Poll Worker Speaks Out on Trump’s Claims of Voter Fraud


Anica Graney / Clarion

A vote sign outside Memorial Union’s voting station.

Mackenzie Moore, News Editor

The day after the 2020 presidential election began, AP News declared Joe Biden to be the projected winner of Wisconsin’s 10 electoral votes. Trailing by a narrow margin of about 20,000 votes in the Badger State and losing ground in several other crucial states, incumbent Donald Trump made claims of widespread voter fraud. This largely occurred as states began counting absentee ballots.

Travis Austin was a poll worker in Madison, a city in which the majority voted for former Vice President Joe Biden. As someone with direct knowledge of election protocols, he took offense to the insinuation that poll workers were not doing an effective job.
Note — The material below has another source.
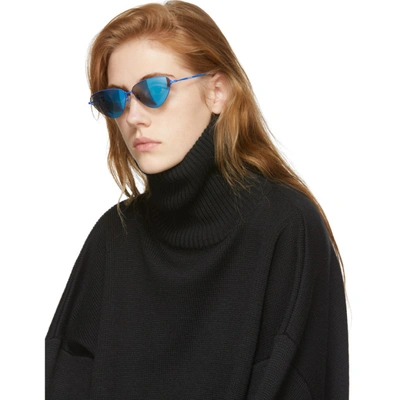 Shop Balenciaga Blue Invisible Cat Sunglasses In 003 Blue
“I worked the polls, Ward 61 in the city of Madison, and we had a situation at the precinct I worked in where a voter was issued two absentee ballots and returned two absentee ballots. Same name, address, signature, everything, so it certainly was the same voter,” Austin said.

“We had processed his first one and when the second was about to be processed, we caught that he had already been assigned a number. We verified it was the same voter’s info and rejected the second ballot.”
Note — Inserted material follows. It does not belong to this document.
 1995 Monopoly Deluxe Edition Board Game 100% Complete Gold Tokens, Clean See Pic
While some in the United States are concerned that this was necessary in the first place, Austin clarified that this occurrence is not as common as it may feel.

“Lots of hurdles had to be overcome for [the extra ballot] to even get to us at the polls. The clerk had to issue two ballots (but likely there’s situations where some are presumed lost in the mail, so no real shock), then the voter had to send two ballots back in. Next the clerk had to miss that this voter sent back two ballots and send them both to the polling place. Even after all those steps failed, the final checks at the polls caught it.”

While there does not appear to be a reasonable basis for Donald Trump’s claim that the election was fraudulent, due to the current vote count, he has been fundraising the eight million dollars required to pay for a recount in Wisconsin.

In closing, Austin said, “The systems work.”